__Collected data__
------------------------------------

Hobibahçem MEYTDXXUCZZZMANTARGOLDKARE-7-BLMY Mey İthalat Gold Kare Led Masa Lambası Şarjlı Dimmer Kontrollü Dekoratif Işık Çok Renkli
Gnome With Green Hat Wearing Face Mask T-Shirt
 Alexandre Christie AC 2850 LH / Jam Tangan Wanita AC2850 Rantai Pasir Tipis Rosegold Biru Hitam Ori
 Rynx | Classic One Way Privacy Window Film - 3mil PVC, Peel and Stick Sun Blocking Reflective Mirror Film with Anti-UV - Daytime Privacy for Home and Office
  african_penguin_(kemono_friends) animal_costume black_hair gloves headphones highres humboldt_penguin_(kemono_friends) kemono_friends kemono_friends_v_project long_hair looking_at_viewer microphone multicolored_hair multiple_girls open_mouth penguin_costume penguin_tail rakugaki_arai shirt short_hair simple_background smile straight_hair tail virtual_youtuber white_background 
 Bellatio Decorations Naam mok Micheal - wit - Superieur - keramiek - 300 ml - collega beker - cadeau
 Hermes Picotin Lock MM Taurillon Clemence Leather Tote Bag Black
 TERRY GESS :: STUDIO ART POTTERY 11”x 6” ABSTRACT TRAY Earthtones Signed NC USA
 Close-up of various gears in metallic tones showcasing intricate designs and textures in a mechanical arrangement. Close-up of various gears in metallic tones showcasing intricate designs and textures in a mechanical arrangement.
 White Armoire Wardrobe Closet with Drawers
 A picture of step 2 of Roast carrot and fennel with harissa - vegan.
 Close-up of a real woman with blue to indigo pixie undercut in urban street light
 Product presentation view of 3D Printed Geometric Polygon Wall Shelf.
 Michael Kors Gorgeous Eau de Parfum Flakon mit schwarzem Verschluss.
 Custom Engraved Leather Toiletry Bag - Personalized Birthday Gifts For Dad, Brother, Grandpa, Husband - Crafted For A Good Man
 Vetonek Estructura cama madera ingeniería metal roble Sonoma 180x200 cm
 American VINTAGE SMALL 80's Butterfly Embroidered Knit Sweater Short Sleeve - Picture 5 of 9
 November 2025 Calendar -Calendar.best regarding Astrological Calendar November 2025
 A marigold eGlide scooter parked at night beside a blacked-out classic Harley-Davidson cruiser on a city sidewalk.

------------------------------------

__Task prompt__
Every record above must be duplicated exactly.

__Problem solution__
Hobibahçem MEYTDXXUCZZZMANTARGOLDKARE-7-BLMY Mey İthalat Gold Kare Led Masa Lambası Şarjlı Dimmer Kontrollü Dekoratif Işık Çok Renkli
Gnome With Green Hat Wearing Face Mask T-Shirt
 Alexandre Christie AC 2850 LH / Jam Tangan Wanita AC2850 Rantai Pasir Tipis Rosegold Biru Hitam Ori
 Rynx | Classic One Way Privacy Window Film - 3mil PVC, Peel and Stick Sun Blocking Reflective Mirror Film with Anti-UV - Daytime Privacy for Home and Office
  african_penguin_(kemono_friends) animal_costume black_hair gloves headphones highres humboldt_penguin_(kemono_friends) kemono_friends kemono_friends_v_project long_hair looking_at_viewer microphone multicolored_hair multiple_girls open_mouth penguin_costume penguin_tail rakugaki_arai shirt short_hair simple_background smile straight_hair tail virtual_youtuber white_background 
 Bellatio Decorations Naam mok Micheal - wit - Superieur - keramiek - 300 ml - collega beker - cadeau
 Hermes Picotin Lock MM Taurillon Clemence Leather Tote Bag Black
 TERRY GESS :: STUDIO ART POTTERY 11”x 6” ABSTRACT TRAY Earthtones Signed NC USA
 Close-up of various gears in metallic tones showcasing intricate designs and textures in a mechanical arrangement. Close-up of various gears in metallic tones showcasing intricate designs and textures in a mechanical arrangement.
 White Armoire Wardrobe Closet with Drawers
 A picture of step 2 of Roast carrot and fennel with harissa - vegan.
 Close-up of a real woman with blue to indigo pixie undercut in urban street light
 Product presentation view of 3D Printed Geometric Polygon Wall Shelf.
 Michael Kors Gorgeous Eau de Parfum Flakon mit schwarzem Verschluss.
 Custom Engraved Leather Toiletry Bag - Personalized Birthday Gifts For Dad, Brother, Grandpa, Husband - Crafted For A Good Man
 Vetonek Estructura cama madera ingeniería metal roble Sonoma 180x200 cm
 American VINTAGE SMALL 80's Butterfly Embroidered Knit Sweater Short Sleeve - Picture 5 of 9
 November 2025 Calendar -Calendar.best regarding Astrological Calendar November 2025
 A marigold eGlide scooter parked at night beside a blacked-out classic Harley-Davidson cruiser on a city sidewalk.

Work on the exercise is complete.